Rheology is the study of the effects experimented in a substance when a mechanical force is applied on a it (flow and deformation) under different external conditions. It is used to describe the consistency of different products and is normally defined by the components: viscosity and elasticity.
Measuring viscosity is determined by the tangible force required to displace the materials particles with a specific deformation-flow i.e. velocity.
The relationship between the tangible force and the deformation flow obtains the viscosity result. Ambient conditions such as temperature and pressure also have an effect on viscosity.
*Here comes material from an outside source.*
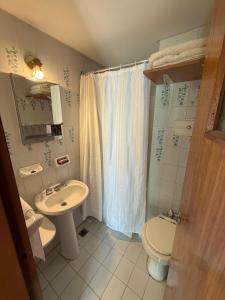 Departamento de 3 ambientes a pasos de Playa Varese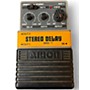 Used Arion SAD-1 Effect Pedal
The measurement of viscosity is not just limited to the research laboratory, it has progressively entered the field of industrial quality control.
PRINCIPLES OF VISCOSITY
These instruments operate by means of a cylinder or disk (spindle) that is submerged into the material to be analysed and by measuring the resistance of the substance at a selected known speed. This resistance results is the measurement of the viscosity according to the flow characteristics of the reference spindle; the instrument calculates the result and directly displays the viscosity that is reported in cP (CGS) or mPa-s (SI).
A wide range of viscosity can be measured using viscometers that are equipped with different types of spindles and speed ranges. The design of the spindles and the principals of measurement principles are regulated by ISO 2555 and ISO 1652 standards. All spindles are made of AISI 316 stainless steel. Each spindle can be identified by a letter and a number.